Artists pore over their computers -- drawing up work experience and not sketches -- in a rigorous "boot camp" inspired by Nelson Mandela that combines practical business sense with talent.
The five students are in a six-week residency in the isolated hills of Qunu at the Nelson Mandela Museum, overlooking the icon's childhood home where he has been living for the last four months.
The programme is part of the museum's outreach efforts and aims to give the artists, who are from the impoverished Eastern Cape, the business savvy they need for success while making better art.
Outreach all too often means "running into a disadvantaged area with a bag full of sandwiches and crayons and pencils and the kids have a sarmie (sandwich) and they scribble on a piece of paper and that is the end of your outreach," said University of Pretoria lecturer Peter Binsbergen.
He and other visiting mentors wanted this program to be different -- and effective. It aims not only to make the five artists more visually literate but also to teach them skills like drawing up a press release and how to work with a gallery.
"This is the first programme in the country where money is invested in students to perform, and they are put in residence," said Binsbergen.
He likened it to a "Big Brother house" -- the television show where a group of people live together in a large house, isolated from the world and constantly filmed -- "where they are grilled and drilled 24 hours a day. They eat, think, sleep art. They are almost ...destroyed and bought back from the ground up."
Since the programme began last year, one participant has been named runner-up prize in an emerging artists competition. Another finalist is in the current crop.
Surrounded by idyllic rural views, the sessions start in the morning and run to late at night with a gloves-off approach. In one workroom, the students' sketches are displayed on opposite walls while their colleagues and lecturers pull their concepts apart.
"It's tough but you have to accept it because it's the way of growing, it's the way of learning," said Monwabisi Ngcai, 30.
The incubator project was developed by professional artist and consultant Churchill Madikida.
"I was born in the area, I grew up in this area and I struggled to gain access to art facilities or art institutions," he told AFP.
"I already knew the challenges that were facing artists from this area."
Nelson Mandela Museum project coordinator Bongiwe Qotoyi said the workshops were in line with the icon's values.
"It is about developing an individual, instilling the leadership skills, so that at the end of the day this individual is able to plough back to the community."
The tranquillity of the location, which plunges into isolation once the museum closes for the day, and the presence of 93-year-old Mandela a few hundred metres away are extra sources of inspiration.
"When I was in university I only learned how to paint," said participant Asanda Kupa.
"It's no longer for me now a matter of practising and doing artworks. It's a matter of how I put my artworks conceptually and let them tell stories. I can say now I'm able to understand art better than when I was at school.

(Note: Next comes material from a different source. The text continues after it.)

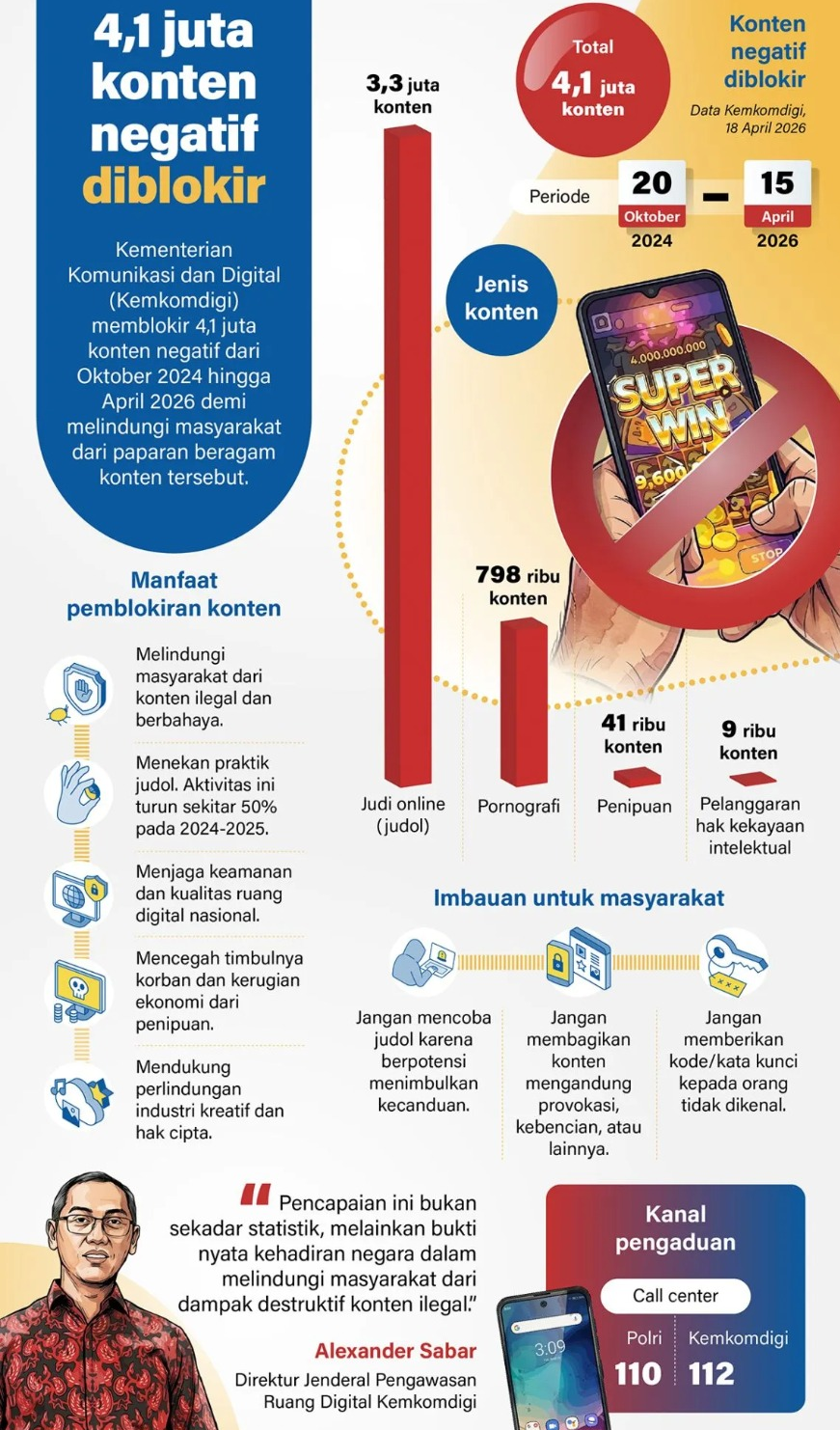 Kementerian Komunikasi dan Digital (Kemkomdigi) memblokir 4,1 juta konten negatif dari Oktober 2024 hingga April 2026 demi melindungi masyarakat dari paparan beragam konten tersebut. <b>(Antara)</b>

"I think that the six weeks that an artist will spend here will be better than the three years or four years that they will spend in a university. I'm absolutely positive about that. It's so powerful."
Binsbergen says while better technical skills are being sought, the key aim of the "boot camp" is sustainability once the artists leave.
"What these guys realise faster than university students is this is the real deal, this is make or break, if I don't pull finger, I'm going to starve," he said.
"The level of maturity we're dealing here with is awesome. They're literally like sponges."